*** Records supplied Section Begins ***
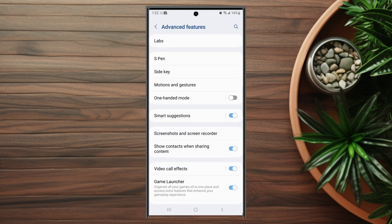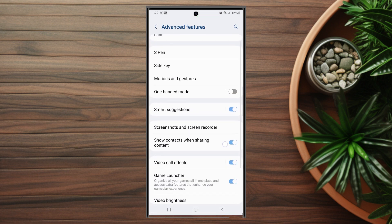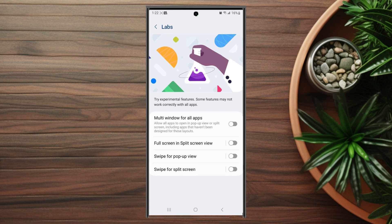After you hit Advanced Features, look for Labs, which is usually at the top. Hit Labs, and then as you can see at the top there's an option for Multi-window for all apps, which allows all apps to open in pop-up view or split screen, including apps that haven't been designed for these layouts. Enable it there, and you'll have this feature enabled for all apps.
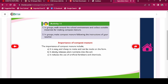Activity 11: In groups, walk around the school environment and collect suitable materials for making compost manure. In groups, make compost manure following the instructions of your teacher. Importance of compost manure: It is easy and cheap to make and can be made on the farm. It slowly releases plant nutrients into the soil. It reduces the use of artificial fertilizers and chemicals.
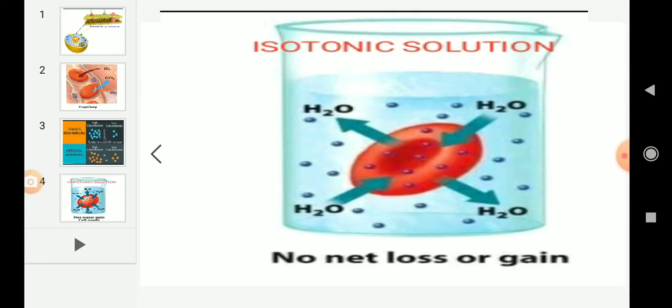Coming to isotonic solution: take a beaker filled with water and add a very little amount of salt, because the cell also contains a little amount of salt. Both mediums have exactly the same water concentration as the cell. Water crosses the cell membrane in both directions, but the amount going in equals the amount going out, so the cell remains the same size. This is isotonic solution.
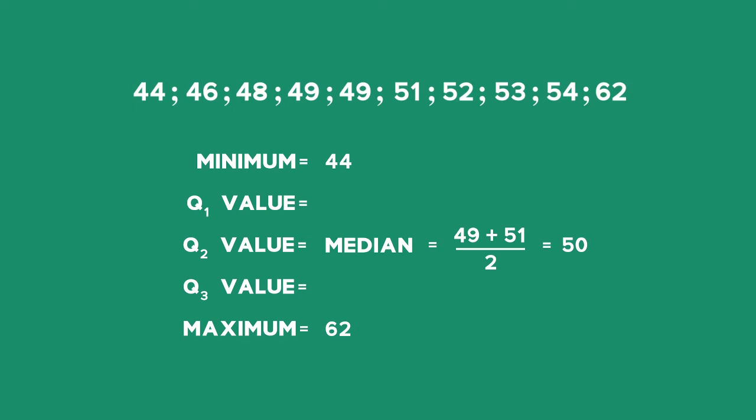And now we need to find our Q1 value. The Q1 value is going to be the middle set of data on the left of the median. Cross off one in the front, one at the back, one in the front, one at the back, and our Q1 value is 48.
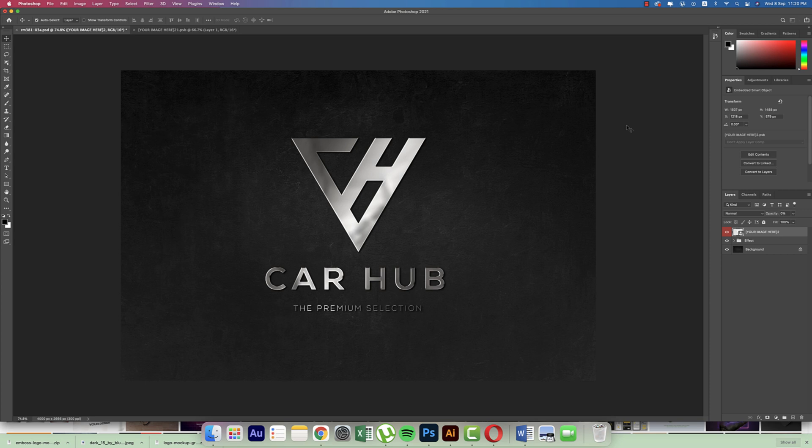The Car Hub and The Premium Selection. You are getting the logo in a creative way. You can present this logo to your any kind of clients into the web platform like 99designs or whatever it is, or you can add this one in your portfolio.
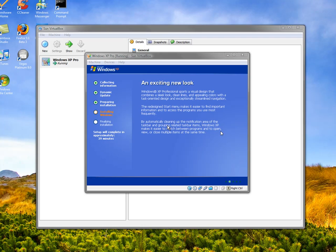And now we've finished installing it. Okay, that should just load up. Basically, here we have the Windows XP setup thing, whatever you want to call it.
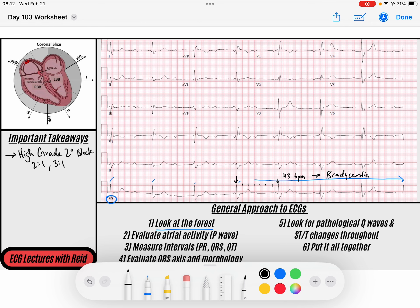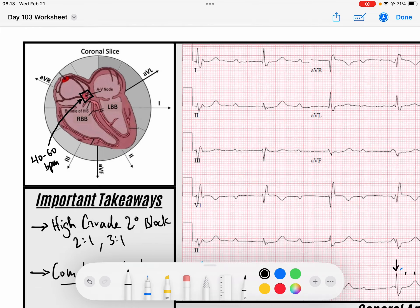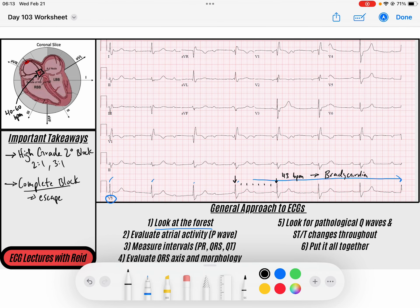With a high-grade second degree block, you'd have double the amount of P waves compared to QRS complexes. I also want you to think of a complete block. In a complete block, we would need an escape rhythm. We know that escape rhythms, especially if they arise from the AV junction, escape at a rate of 40 to 60 beats per minute. I tell you to rule these out because these are both high-risk diagnoses where someone can die if you don't treat them.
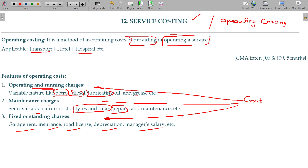So you calculate the overall cost, add some profit, and recover it from the persons enjoying the services. That is called service costing and operating costing.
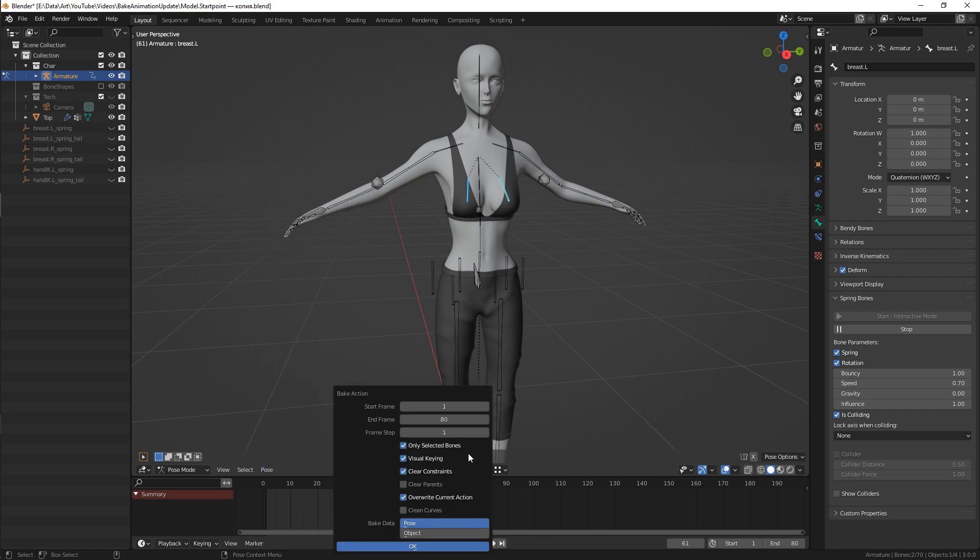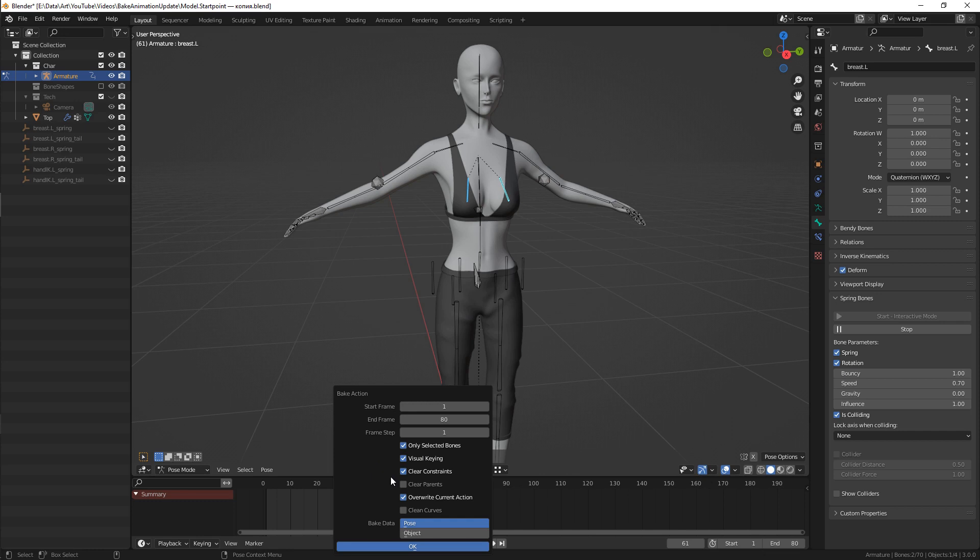Make sure to have all of these options enabled. First one is obvious, I guess. Visual keying applies all possible transforms to make sure that the bone will move exactly as now.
*** Records supplied Section Ends ***
Retype only the lines above from the one with "And now we need" through the one with "The Car Hub", exactly and with both ends. Images stay out.

▸ **Output for this exercise**
And now we need to find our Q1 value. The Q1 value is going to be the middle set of data on the left of the median. Cross off one in the front, one at the back, one in the front, one at the back, and our Q1 value is 48.
The Car Hub and The Premium Selection. You are getting the logo in a creative way. You can present this logo to your any kind of clients into the web platform like 99designs or whatever it is, or you can add this one in your portfolio.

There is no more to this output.